The U.S. military began on Monday to release 1,000 Iraqi detainees from Abu Ghraib prison at the request of the Iraqi government in honor of the Muslim holy month of Ramadan.

The first 500 prisoners were loaded onto Iraqi public buses and driven out of the notorious prison on Monday morning. The rest will be freed later this week, the U.S. military said.

Arab governments often pardon nonviolent offenders during the Ramadan, which is expected to begin on Oct. 4 or 5. Each year, the start of the holiday is decided by senior Muslim clerics after they sight the sliver of the moon appears in the sky.

But Monday's action, and the release of 1,000 other Abu Ghraib detainees last month, also appeared to be part of the Iraqi government's effort to persuade Iraqis to vote in the Oct. 15 national referendum on Iraq's draft constitution, especially the Sunni minority.

The U.S. government said it only releases detainees who are not guilty of serious, violent crimes -- such as bombing, torture, kidnapping, or murder -- and who have had admitted their crimes, renounced violence, "and pledged to be good citizens of a democratic Iraq."

But September's release of 1,000 detainees also came at the request of Sunni representatives taking part in then-stalled talks about the drafting of Iraq's new constitution. The officials asked the Iraqi government to start releasing thousands of prisoners who have been languishing in the jail for months without being charged with a crime.

Released prisoners mostly Sunni
At the time, President Jalal Talabani agreed to release many detainees before the Oct. 15 referendum on the constitution, the draft of which is now complete. Sunni negotiator Saleh al-Mutlaq said then that most of the detainees to be freed from Abu Ghraib would be Sunni Arabs.
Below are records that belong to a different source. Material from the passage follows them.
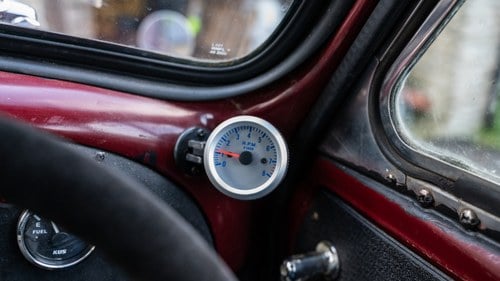 1952 Morris Minor Series II Mongol Rally Car à vendre (picture 24 of 202)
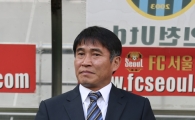 [포토] 서울전 준비하는 김봉길 감독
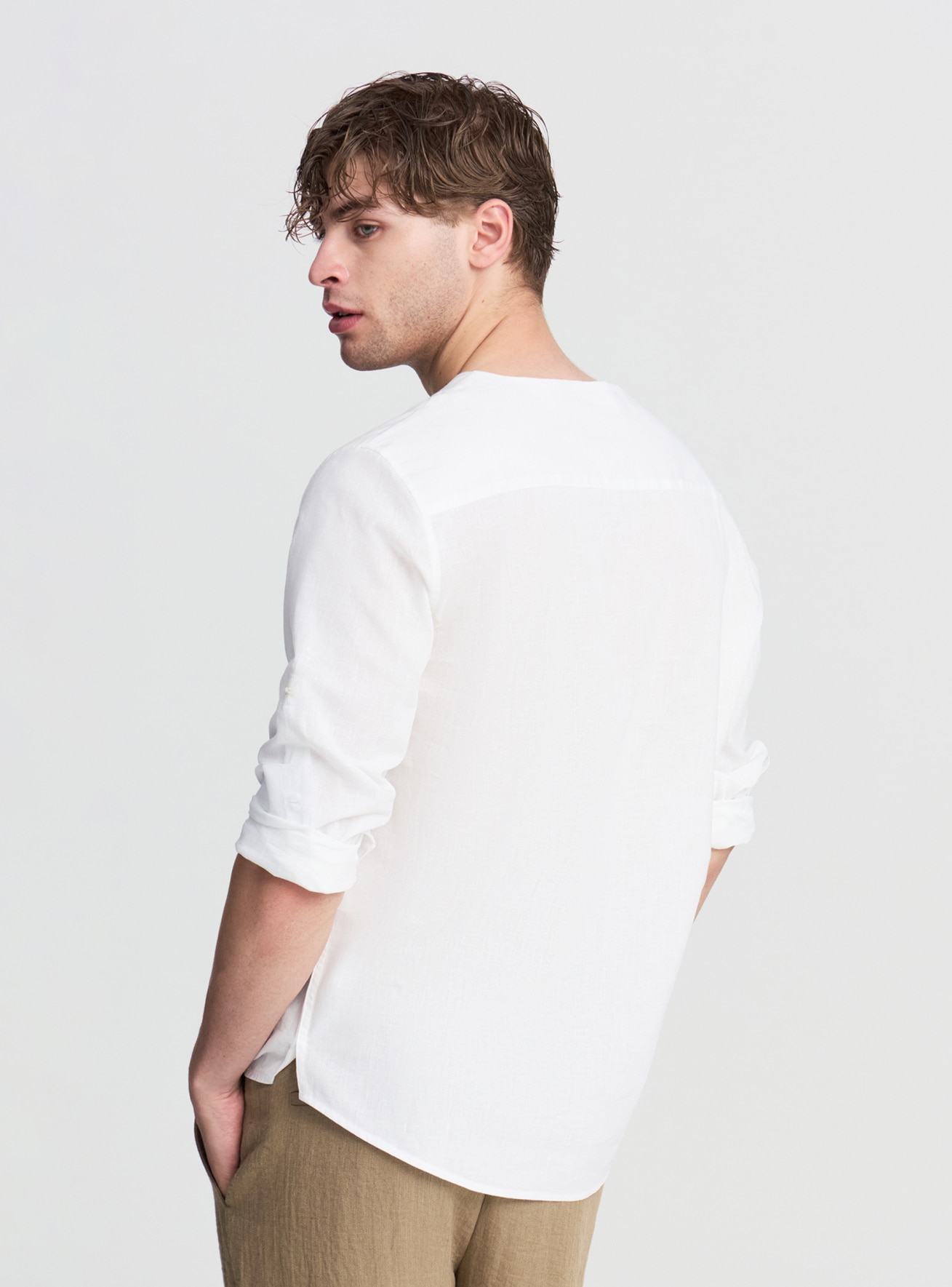 Camicia ML Herren Terranova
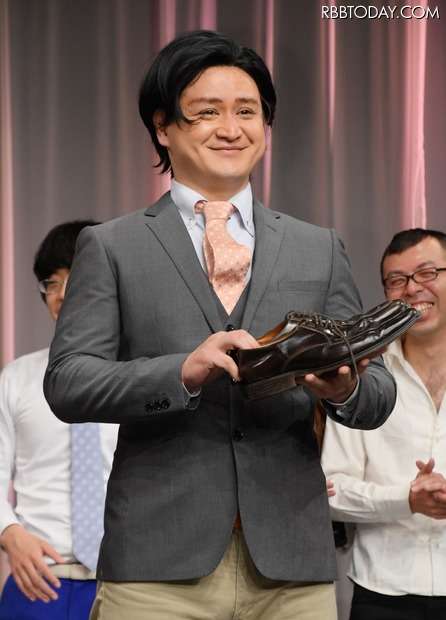 ガリットチュウ福島、貴乃花親方の長男のものまねが激似と大反響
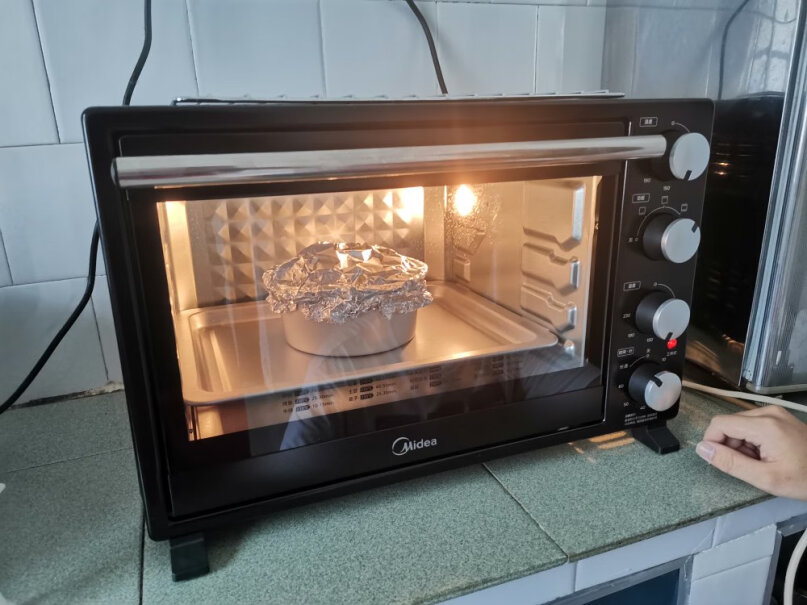电烤箱美的PT3501家用电烤箱功能真的不好吗,对比哪款性价比更高？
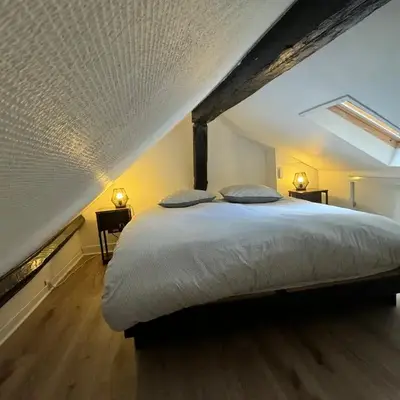 Quiet appartement in Paris City Center - Mouffetard district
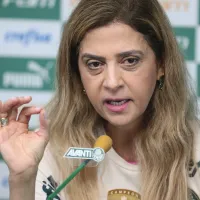 Leila toma atitude no Palmeiras após a eliminação na Copa do Brasil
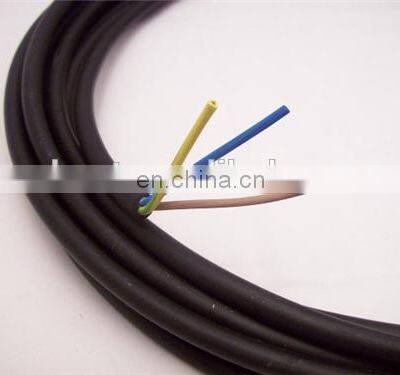 Top Quality China GOLD SUPPLIER Rubber Flexible Cable photo-3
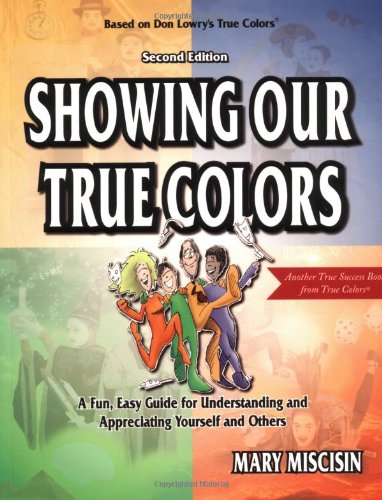 Showing Our True Colors,Used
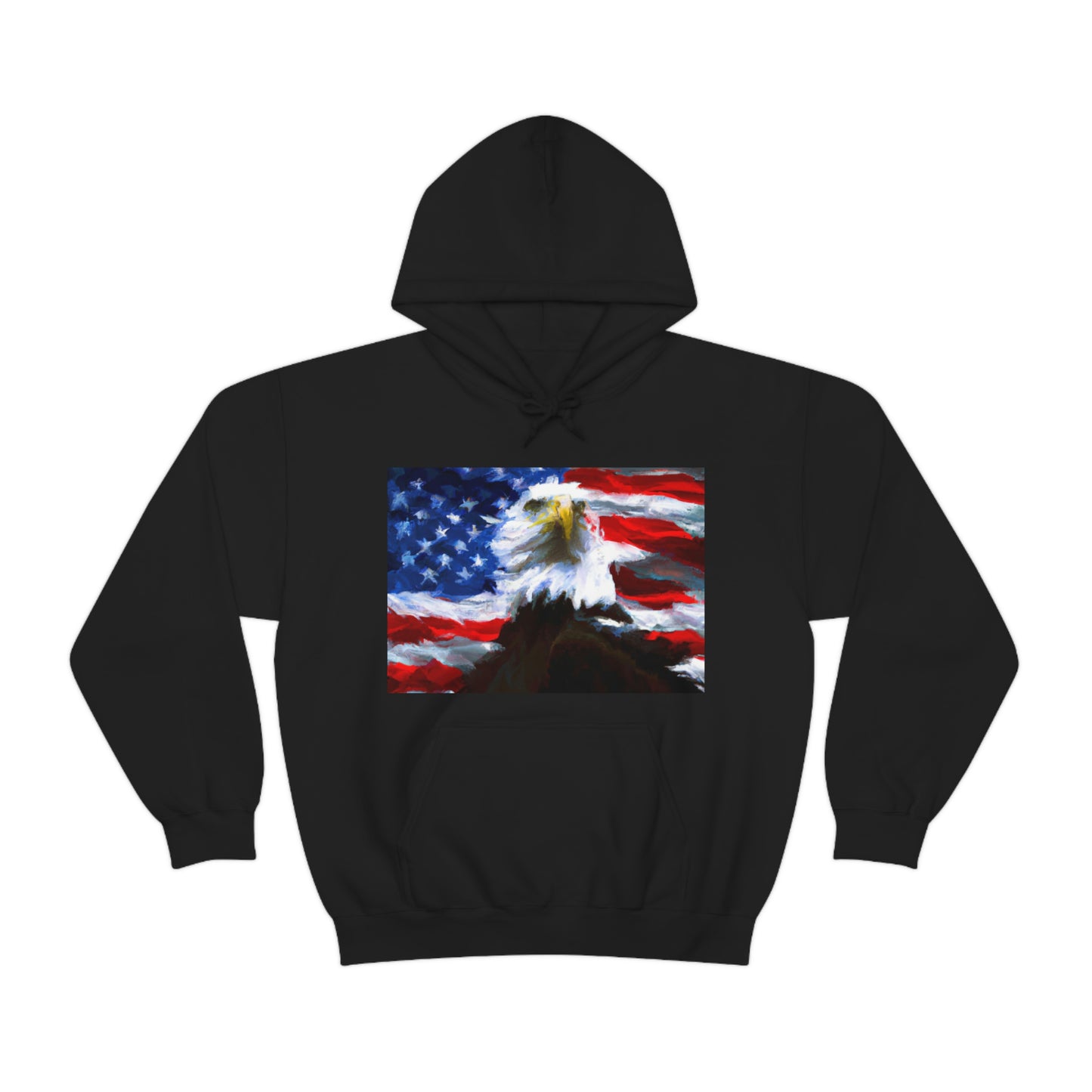 "We hold these truths to be self-evident, that all men are created equal, that they are endowed by their Creator with certain unalienable Rights, that among these are Life, Liberty and the pursuit of Happiness." - Thomas - Hoodie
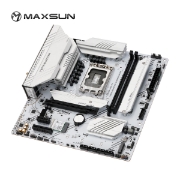 Picture of MOTHER MAXSUN MILESTONE B760M GKD5 ICE ATX LGA 1700 DDR5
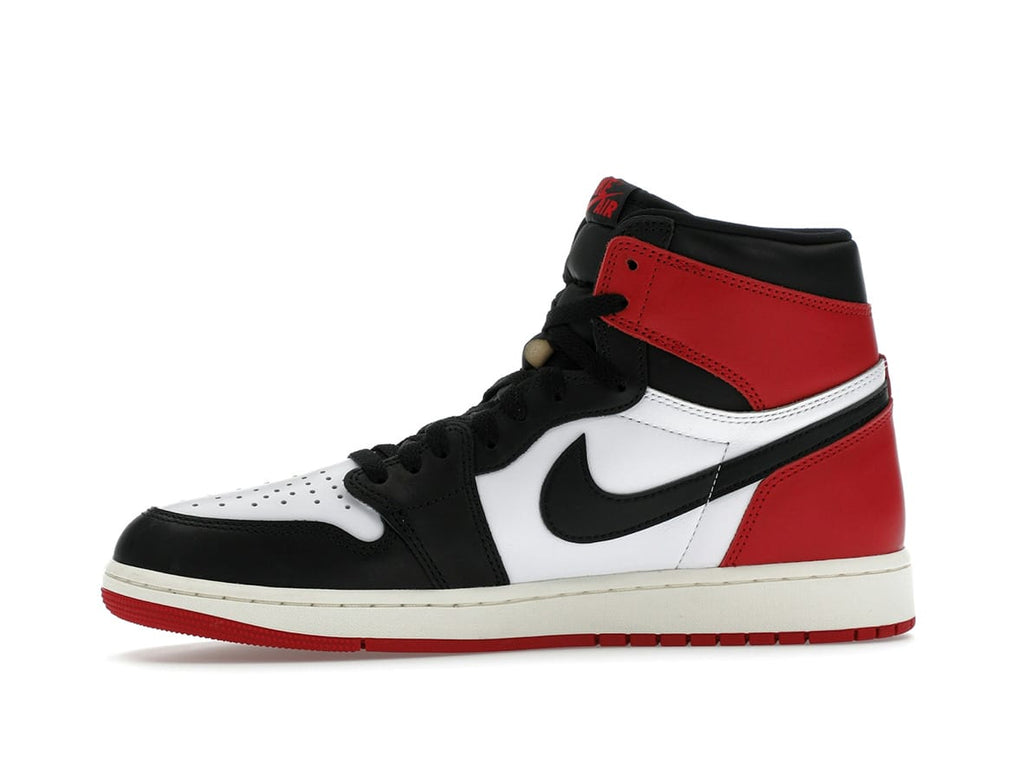 Jordan 1 Retro High OG Black Toe Reimagined: Iconic Sneaker Redefined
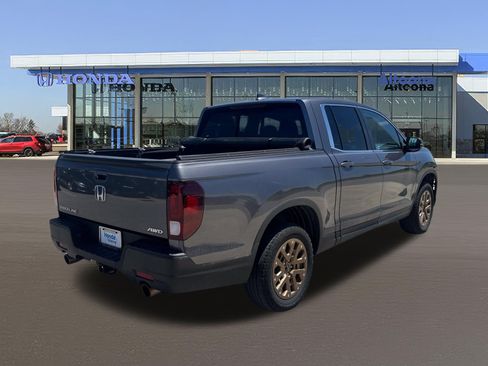 Used 2023 Honda Ridgeline RTL image 4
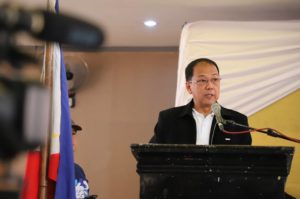Opapru eyes creation of Department of Peace by 2025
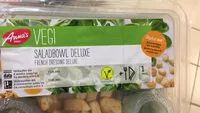 Mängden socker i Saladbowl Deluxe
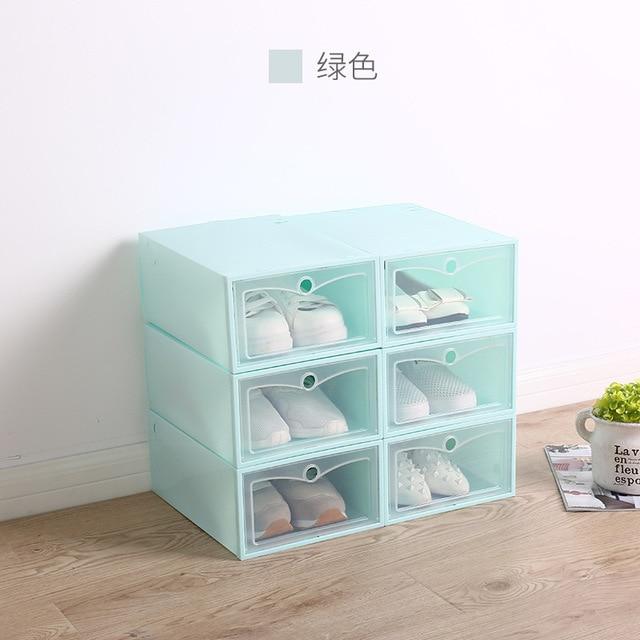 Shoe Boxe Household Storage Accessories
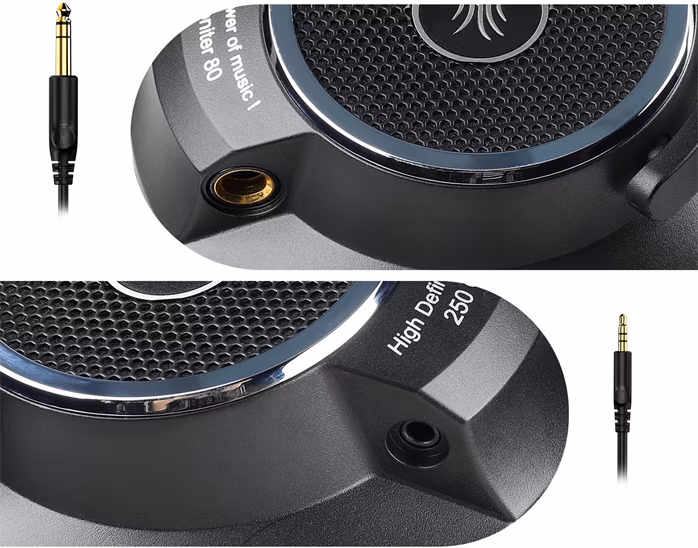 Oneodio MONITOR-80 - Studiová sluchátka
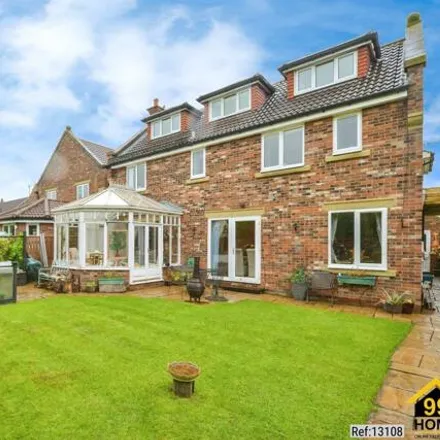 Buy this 6 bed house on Springfield Gardens in Stokesley, TS9 5PH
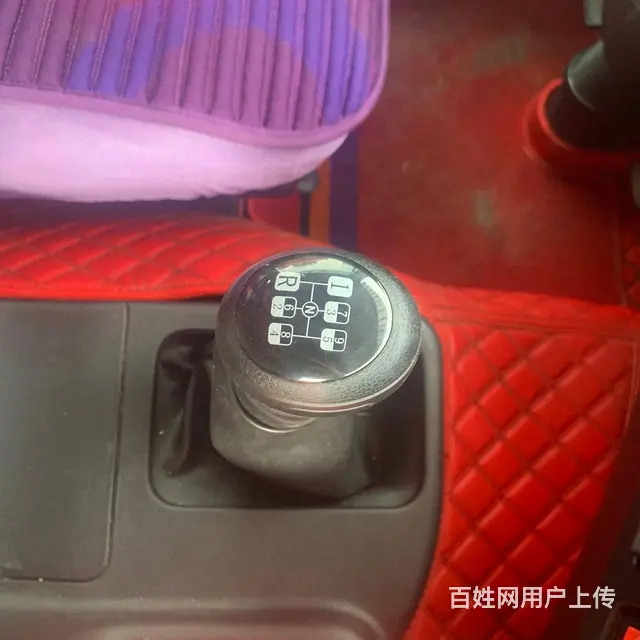 出售21年上户二手东风天龙前四后四9.6米高栏货车 - 图片 9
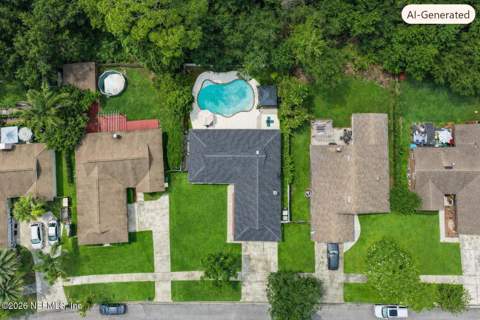 3622 Ballestero Drive, Jacksonville FL - photo 23 of 25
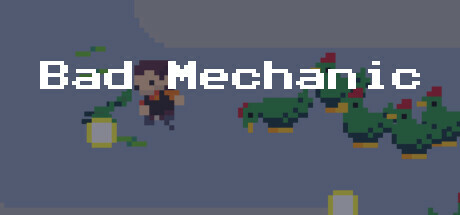 Bad Mechanic Playtest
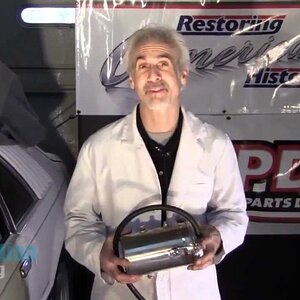Episode 10 Operation Mustang Web Show - How To videos, classic and late model mustangs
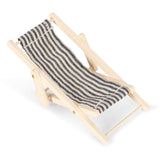 Konges Sløjd Blue Stripe Tiny Nallebjörn Travel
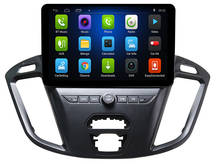 Android 9,0! Автомобильный DVD PC мультимедийный dvd-плеер gps Navi Стерео Радио для Ford Transit 150 250 350 350HD 2012 2013-2019 2024 - купить недорого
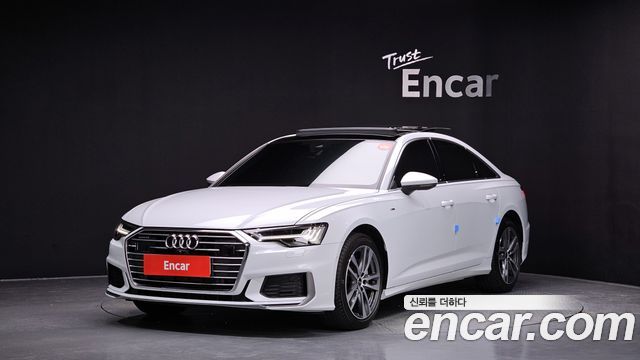 Audi A6 (C8)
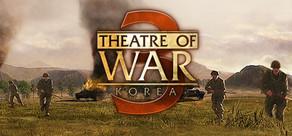 Get games like Theatre of War 3: Korea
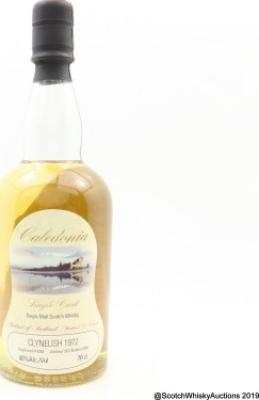 Clynelish 1972 LG Caledonian Selection #14263 40% 700ml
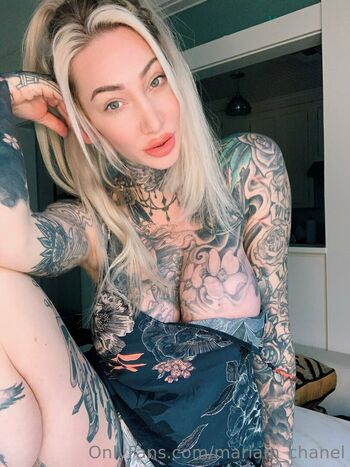 Full leaked Mariam chanel private onlyfans photo
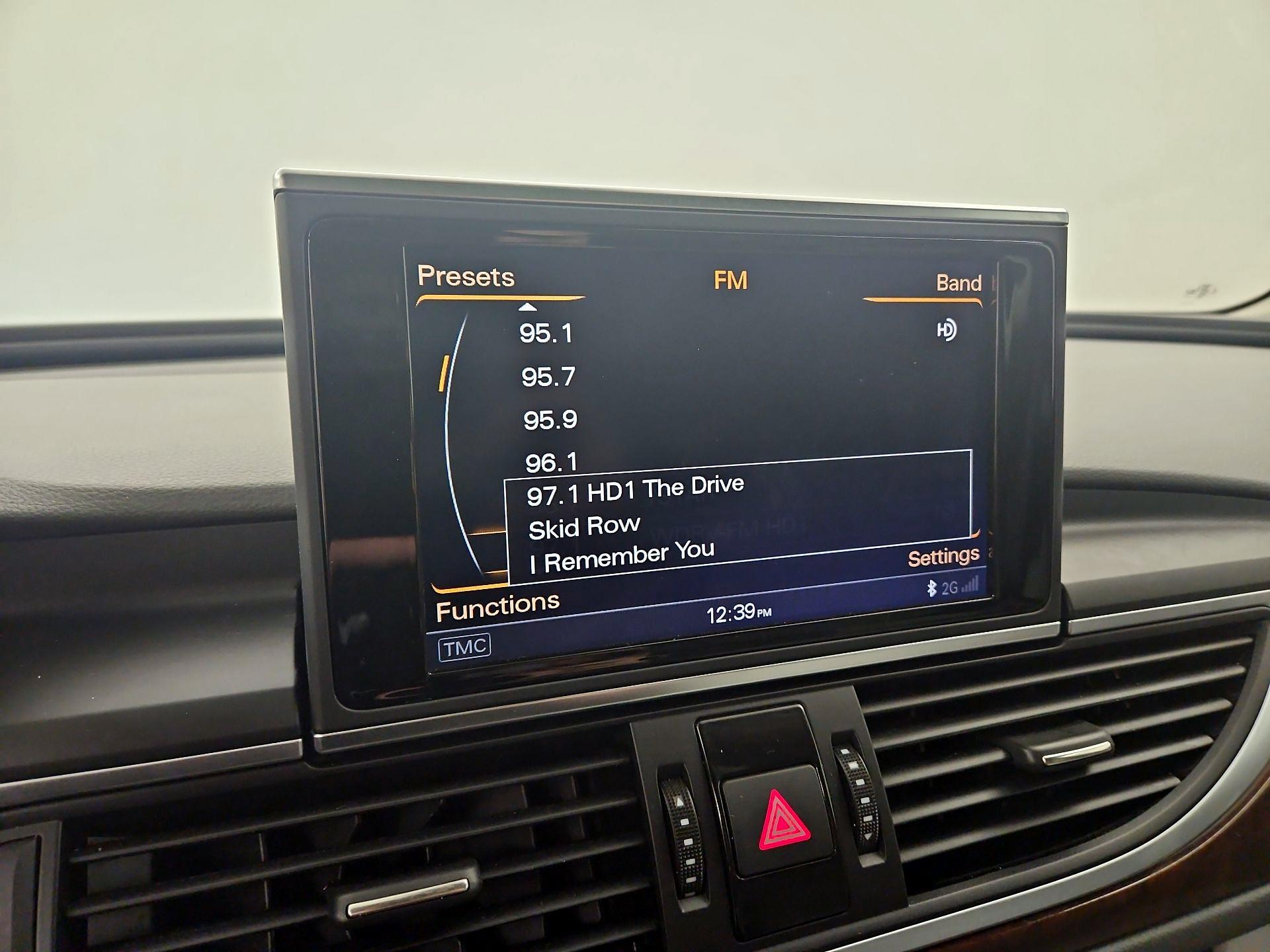 Thumbnail: 2015 Audi A6 - 16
When Saddam Hussein ruled Iraq, his Sunni majority held most of the power, but the current Iraqi government, elected last January, is mostly controlled by Kurds and majority Shiites since many Sunnis boycotted that vote.

Iraq's Sunni-led insurgency and Sunni religious and political leaders are calling for a boycott or a "no" vote in the Oct. 15 referendum. Many Sunnis believe the constitution will give too much power to Shiites living in southern Iraq and Kurds living in the north.

The Sunni Triangle in the center of Iraq, including Baghdad, is the location of most of the violence in Iraq's Sunni-led insurgency.

Abu Ghraib prison, built by Saddam's regime in the 1970s on the outskirts of Baghdad, was retained as a major detention center by the U.S. occupation authorities after the occupation of Iraq in 2003. It gained international notoriety after a number of U.S. military personnel were charged with humiliating and assaulting detainees at the facility.